WHAT YOU SHOULD DO:
Begin at the line containing "looking at viewer, cowboy" in the data below and go on through the line containing "Buy_Anita Kanwal_Purple Designer", repeating each line exactly; include both ends and no other line.

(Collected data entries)
· · ·

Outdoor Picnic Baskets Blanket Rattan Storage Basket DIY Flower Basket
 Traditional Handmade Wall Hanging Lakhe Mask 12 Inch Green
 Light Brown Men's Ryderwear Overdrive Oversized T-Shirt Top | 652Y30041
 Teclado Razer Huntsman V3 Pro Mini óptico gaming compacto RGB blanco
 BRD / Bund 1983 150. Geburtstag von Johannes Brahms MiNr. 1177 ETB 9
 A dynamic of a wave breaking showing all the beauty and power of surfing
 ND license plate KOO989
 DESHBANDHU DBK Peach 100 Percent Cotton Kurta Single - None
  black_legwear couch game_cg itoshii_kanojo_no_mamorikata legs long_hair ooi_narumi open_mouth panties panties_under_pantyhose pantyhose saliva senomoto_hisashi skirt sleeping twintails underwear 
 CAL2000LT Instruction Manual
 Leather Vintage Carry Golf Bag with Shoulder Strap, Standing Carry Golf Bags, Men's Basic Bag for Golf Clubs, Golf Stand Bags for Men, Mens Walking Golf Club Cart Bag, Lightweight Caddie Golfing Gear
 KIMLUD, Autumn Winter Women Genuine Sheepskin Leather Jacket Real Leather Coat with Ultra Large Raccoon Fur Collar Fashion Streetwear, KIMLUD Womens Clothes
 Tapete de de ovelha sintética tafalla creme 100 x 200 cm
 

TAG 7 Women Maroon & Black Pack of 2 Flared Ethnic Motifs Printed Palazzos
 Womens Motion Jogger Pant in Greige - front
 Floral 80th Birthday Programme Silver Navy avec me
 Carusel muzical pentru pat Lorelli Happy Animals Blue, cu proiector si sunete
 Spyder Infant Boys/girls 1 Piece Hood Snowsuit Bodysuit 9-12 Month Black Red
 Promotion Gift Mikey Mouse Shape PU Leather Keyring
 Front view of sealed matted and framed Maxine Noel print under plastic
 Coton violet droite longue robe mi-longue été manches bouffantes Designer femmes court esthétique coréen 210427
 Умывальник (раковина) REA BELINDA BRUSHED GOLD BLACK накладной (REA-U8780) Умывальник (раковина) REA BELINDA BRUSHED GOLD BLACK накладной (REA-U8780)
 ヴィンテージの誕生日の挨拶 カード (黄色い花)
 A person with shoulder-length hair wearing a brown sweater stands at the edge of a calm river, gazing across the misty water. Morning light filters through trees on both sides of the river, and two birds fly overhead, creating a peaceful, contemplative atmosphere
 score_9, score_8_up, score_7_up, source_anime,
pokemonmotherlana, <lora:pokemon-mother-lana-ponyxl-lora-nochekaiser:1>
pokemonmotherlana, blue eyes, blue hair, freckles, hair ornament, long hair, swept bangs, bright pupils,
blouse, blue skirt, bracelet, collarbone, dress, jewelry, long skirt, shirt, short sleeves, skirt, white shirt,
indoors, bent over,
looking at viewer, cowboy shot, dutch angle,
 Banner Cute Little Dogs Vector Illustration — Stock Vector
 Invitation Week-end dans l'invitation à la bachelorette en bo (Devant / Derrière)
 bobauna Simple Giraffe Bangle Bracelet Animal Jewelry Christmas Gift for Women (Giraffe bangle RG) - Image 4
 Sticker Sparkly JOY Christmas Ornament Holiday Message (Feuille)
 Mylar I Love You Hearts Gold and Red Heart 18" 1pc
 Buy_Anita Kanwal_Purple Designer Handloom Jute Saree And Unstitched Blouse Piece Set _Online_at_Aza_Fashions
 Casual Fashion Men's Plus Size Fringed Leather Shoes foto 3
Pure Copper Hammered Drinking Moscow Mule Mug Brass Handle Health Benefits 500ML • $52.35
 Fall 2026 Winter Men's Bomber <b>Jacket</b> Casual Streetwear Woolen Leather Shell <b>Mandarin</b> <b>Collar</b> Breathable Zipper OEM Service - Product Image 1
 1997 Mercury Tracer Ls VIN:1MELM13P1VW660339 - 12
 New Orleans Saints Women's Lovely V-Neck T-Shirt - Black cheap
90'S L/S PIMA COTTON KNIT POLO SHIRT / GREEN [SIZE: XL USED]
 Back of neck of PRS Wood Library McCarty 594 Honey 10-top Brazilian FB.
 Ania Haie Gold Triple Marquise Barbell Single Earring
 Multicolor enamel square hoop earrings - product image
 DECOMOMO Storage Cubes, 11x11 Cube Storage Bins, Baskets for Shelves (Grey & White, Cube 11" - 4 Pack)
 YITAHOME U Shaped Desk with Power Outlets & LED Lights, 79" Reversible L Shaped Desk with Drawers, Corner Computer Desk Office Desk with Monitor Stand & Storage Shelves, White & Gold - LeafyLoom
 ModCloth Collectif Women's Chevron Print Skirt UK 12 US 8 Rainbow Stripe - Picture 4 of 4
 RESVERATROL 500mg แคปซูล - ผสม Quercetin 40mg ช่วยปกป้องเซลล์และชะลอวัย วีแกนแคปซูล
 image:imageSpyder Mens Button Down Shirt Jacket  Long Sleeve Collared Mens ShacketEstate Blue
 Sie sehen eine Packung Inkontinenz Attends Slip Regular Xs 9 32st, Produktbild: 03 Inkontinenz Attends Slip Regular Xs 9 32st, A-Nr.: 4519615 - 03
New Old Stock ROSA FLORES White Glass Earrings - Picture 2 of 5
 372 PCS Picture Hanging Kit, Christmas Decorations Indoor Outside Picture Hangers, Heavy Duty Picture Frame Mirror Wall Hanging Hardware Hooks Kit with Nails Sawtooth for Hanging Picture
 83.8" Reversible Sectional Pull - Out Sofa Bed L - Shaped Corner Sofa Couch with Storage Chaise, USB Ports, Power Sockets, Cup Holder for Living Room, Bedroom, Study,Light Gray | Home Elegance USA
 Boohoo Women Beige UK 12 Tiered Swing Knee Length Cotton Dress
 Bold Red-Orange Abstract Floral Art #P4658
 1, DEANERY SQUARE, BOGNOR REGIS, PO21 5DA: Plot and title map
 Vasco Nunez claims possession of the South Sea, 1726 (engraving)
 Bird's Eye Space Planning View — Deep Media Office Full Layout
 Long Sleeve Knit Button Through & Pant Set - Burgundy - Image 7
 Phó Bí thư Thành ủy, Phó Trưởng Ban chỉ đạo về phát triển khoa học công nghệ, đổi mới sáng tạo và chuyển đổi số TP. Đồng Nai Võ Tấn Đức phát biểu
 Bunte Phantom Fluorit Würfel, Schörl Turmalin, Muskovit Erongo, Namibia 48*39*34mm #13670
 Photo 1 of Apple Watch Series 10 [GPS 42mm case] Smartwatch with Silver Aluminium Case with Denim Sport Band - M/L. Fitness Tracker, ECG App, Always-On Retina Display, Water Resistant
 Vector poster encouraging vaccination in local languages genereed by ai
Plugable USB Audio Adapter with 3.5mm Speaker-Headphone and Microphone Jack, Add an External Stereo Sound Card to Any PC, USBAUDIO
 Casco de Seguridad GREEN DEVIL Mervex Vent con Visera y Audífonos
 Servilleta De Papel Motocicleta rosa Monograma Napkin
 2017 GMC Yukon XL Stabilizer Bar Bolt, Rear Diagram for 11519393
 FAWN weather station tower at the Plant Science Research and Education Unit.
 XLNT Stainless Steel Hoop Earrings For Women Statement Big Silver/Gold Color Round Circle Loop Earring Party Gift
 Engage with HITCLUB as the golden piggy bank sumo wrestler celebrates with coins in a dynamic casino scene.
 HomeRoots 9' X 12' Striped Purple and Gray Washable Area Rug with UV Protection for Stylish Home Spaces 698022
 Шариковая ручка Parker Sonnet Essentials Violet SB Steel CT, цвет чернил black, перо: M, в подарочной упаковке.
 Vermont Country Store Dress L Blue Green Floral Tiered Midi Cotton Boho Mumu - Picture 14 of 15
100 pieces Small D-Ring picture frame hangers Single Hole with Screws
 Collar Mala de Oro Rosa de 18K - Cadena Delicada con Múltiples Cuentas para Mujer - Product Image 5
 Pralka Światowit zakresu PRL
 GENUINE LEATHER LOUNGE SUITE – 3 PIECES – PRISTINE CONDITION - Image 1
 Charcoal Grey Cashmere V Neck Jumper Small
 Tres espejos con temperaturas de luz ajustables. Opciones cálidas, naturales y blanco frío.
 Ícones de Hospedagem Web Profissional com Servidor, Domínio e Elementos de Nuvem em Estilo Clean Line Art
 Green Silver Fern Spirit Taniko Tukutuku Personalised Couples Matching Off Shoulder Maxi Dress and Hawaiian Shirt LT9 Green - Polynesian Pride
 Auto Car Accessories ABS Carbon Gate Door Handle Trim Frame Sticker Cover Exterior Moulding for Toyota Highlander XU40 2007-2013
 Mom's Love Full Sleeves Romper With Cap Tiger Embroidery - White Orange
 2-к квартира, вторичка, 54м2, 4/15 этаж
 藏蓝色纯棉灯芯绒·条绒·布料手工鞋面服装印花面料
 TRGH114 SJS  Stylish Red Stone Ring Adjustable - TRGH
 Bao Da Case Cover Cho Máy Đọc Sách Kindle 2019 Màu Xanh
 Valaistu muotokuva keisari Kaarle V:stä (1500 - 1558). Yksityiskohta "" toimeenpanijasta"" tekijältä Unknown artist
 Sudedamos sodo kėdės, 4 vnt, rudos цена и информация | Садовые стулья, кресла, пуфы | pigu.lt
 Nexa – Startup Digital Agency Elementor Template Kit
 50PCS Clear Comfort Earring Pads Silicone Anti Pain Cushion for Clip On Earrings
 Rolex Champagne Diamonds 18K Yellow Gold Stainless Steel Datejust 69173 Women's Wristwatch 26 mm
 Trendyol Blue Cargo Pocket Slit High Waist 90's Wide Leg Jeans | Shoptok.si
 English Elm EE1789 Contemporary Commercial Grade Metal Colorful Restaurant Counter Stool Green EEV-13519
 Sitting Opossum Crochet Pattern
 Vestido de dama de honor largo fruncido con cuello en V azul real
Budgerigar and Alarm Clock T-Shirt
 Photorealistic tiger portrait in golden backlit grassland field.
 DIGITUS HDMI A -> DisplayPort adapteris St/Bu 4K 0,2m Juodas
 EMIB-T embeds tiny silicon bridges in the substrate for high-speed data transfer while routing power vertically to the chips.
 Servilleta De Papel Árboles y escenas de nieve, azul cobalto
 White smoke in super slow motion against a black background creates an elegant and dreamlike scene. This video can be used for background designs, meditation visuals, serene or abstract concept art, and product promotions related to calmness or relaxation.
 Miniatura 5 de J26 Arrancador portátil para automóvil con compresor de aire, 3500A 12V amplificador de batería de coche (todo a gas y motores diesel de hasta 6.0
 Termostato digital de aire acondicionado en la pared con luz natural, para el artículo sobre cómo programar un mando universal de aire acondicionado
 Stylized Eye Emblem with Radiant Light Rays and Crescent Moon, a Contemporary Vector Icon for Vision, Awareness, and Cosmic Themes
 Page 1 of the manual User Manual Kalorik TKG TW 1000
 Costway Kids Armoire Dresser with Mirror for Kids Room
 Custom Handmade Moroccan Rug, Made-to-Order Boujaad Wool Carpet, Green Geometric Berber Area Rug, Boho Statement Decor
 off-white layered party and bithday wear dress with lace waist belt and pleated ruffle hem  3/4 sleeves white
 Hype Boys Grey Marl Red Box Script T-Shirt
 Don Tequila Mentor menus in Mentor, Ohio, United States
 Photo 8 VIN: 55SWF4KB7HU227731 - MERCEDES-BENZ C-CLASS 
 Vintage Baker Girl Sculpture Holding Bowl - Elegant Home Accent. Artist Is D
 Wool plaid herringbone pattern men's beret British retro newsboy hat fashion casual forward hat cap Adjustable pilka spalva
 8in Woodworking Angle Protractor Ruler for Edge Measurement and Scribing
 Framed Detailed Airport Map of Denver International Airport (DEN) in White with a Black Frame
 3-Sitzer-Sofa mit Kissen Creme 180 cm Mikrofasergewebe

· · ·

YOUR SOLUTION:
looking at viewer, cowboy shot, dutch angle,
 Banner Cute Little Dogs Vector Illustration — Stock Vector
 Invitation Week-end dans l'invitation à la bachelorette en bo (Devant / Derrière)
 bobauna Simple Giraffe Bangle Bracelet Animal Jewelry Christmas Gift for Women (Giraffe bangle RG) - Image 4
 Sticker Sparkly JOY Christmas Ornament Holiday Message (Feuille)
 Mylar I Love You Hearts Gold and Red Heart 18" 1pc
 Buy_Anita Kanwal_Purple Designer Handloom Jute Saree And Unstitched Blouse Piece Set _Online_at_Aza_Fashions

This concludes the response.